La Chronique Agora

La tournée du patron

** "La Fed baisse son taux directeur d’un demi-point et les marchés grimpent", nous annonçait hier le International Herald Tribune.

* Autre gros titre :

* "La Banque d’Angleterre double ses renflouages".

* Ces deux titres disent la même chose :  

* "C’est la fête !…"

* Tel est du moins le message que les investisseurs ont retenu des actions de la Fed. Ils ont fait grimper le Dow de plus de 300 points. "L’euphorie balaie Wall Street", décrivait le International Herald Tribune.

* Comme nous l’avions annoncé dans ces lignes il y a bien longtemps de ça, la Banque de Ben Bernanke a démontré qu’elle n’était pas la Banque de Paul Volcker. C’est toujours la Banque d’Alan Greenspan. Et comme pour son illustre prédécesseur, le principal souci de cette banque est d’éviter un ralentissement à la japonaise. En d’autres termes, des deux formes de "flation", elle préfère celle qui commence par "in" à celle qui commence par "dé".

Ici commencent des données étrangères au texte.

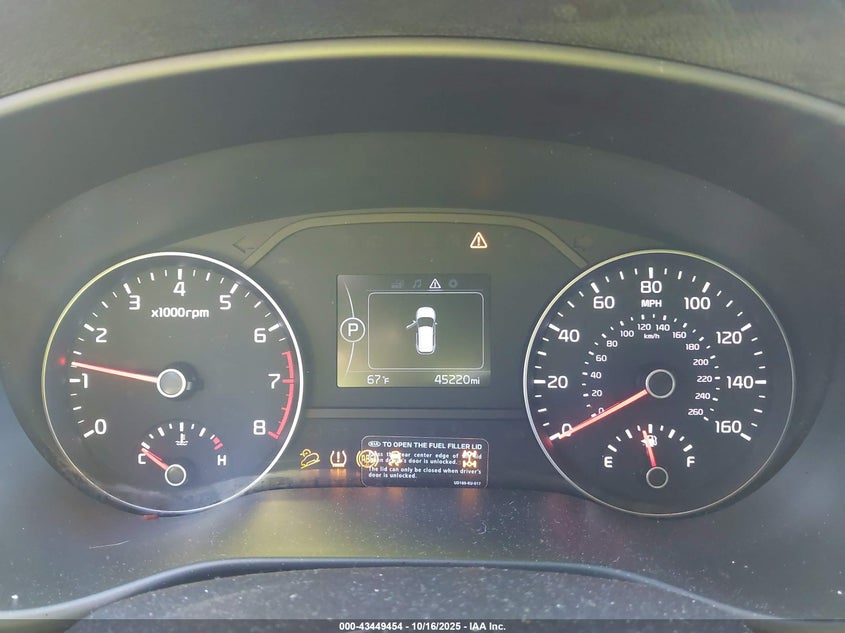 2019 KIA SPORTAGE LX KNDPMCAC4K7566797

* Selon la presse, personne ne doutait que la Fed allait baisser ses taux. La vraie question était de savoir de combien ? Nous pensions aussi qu’elle allait les baisser, mais nous supposions qu’elle ferait le choix le plus prudent — un quart de point, plutôt qu’un demi. Le fait qu’elle ait choisi de réduire le taux directeur d’un demi-point renforce le message : "c’est la tournée du patron", en gros.

** Pendant ce temps, de l’autre côté de l’Atlantique, la Banque d’Angleterre hésitait à venir en aide aux spéculateurs. Les banquiers craignaient qu’en offrant de tirer d’affaire de riches boursicoteurs, ils leur donneraient une mauvaise impression. Les spéculateurs pourraient penser qu’ils pouvaient commettre n’importe quelle imprudence — y compris acheter de la dette subprime américaine — et que la banque centrale britannique les renflouerait toujours. Northern Rock était le principal sujet d’inquiétude ce week-end. La société a prêté des milliards de dollars aux brasseurs immobiliers britanniques. Mais quand Northern Rock a elle-même eu besoin d’un prêt, les marchés du crédit lui ont soudain tourné le dos. Le prêteur s’est retrouvé à court de cash… une situation largement aggravée par les déposants qui faisaient la queue pour retirer leur argent, craignant un effondrement.

* "C’est tout à fait comme en 29", nous déclarait une jolie Française lors du dîner hier soir. "Je ne connais rien à la finance, mais je n’aime pas la tournure que ça prend".

* A la Chronique Agora, nous ne connaissons rien à la finance non plus. Mais nous n’aimons pas la tournure que ça prend.

* Depuis deux jours, les prêteurs privés sont sur les dents. Une sorte de "flation" est en route, ont-ils remarqué. Elle fait baisser les prix des maisons US… et, comme nous l’apprenions la semaine dernière… les prix des maisons britanniques également. Elle cause une réévaluation générale du risque… et des actifs risqués. Les actions ont grimpé… puis baissé — comme si les investisseurs ne parvenaient pas à décider dans quelle direction cette réévaluation devait se faire. Mais une grande quantité des actifs adossés à la dette sont clairement réévalués vers le bas.

* Entre elles — c’est-à-dire selon le London Inter-Bank Lending Rate — les banques avaient décidé de se prêter de l’argent à 6,47%. Mais voilà qu’arrivent Ben et Mervyn, et les taux de prêt passent à 6% à Londres… et 4,75% aux Etats-Unis.

* Nous devons poser la question : quel air ces banques centrales respirent-elles ? Quelle nourriture absorbent-elles ? En quelles théories économiques croient-elles… et quels dieux adorent-elles ? Comment peuvent-elles croire que de tous les taux d’intérêt possibles — de zéro à l’infini — elles trouveront le bon ? Comment peuvent-elles imaginer que leur jugement est meilleur que celui du marché libre — dans lequel elles affirment avoir une telle confiance ?

* Oh, oubliez ça…

* Mais cela ne signifie pas pour autant qu’il n’y a pas de questions ouvertes. "Et maintenant ?", telle est la question principale. Des renflouages… des renflouages… et encore des renflouages… mais les pompes fonctionnaient également sur le Titanic. Les ingénieurs devaient en être fiers.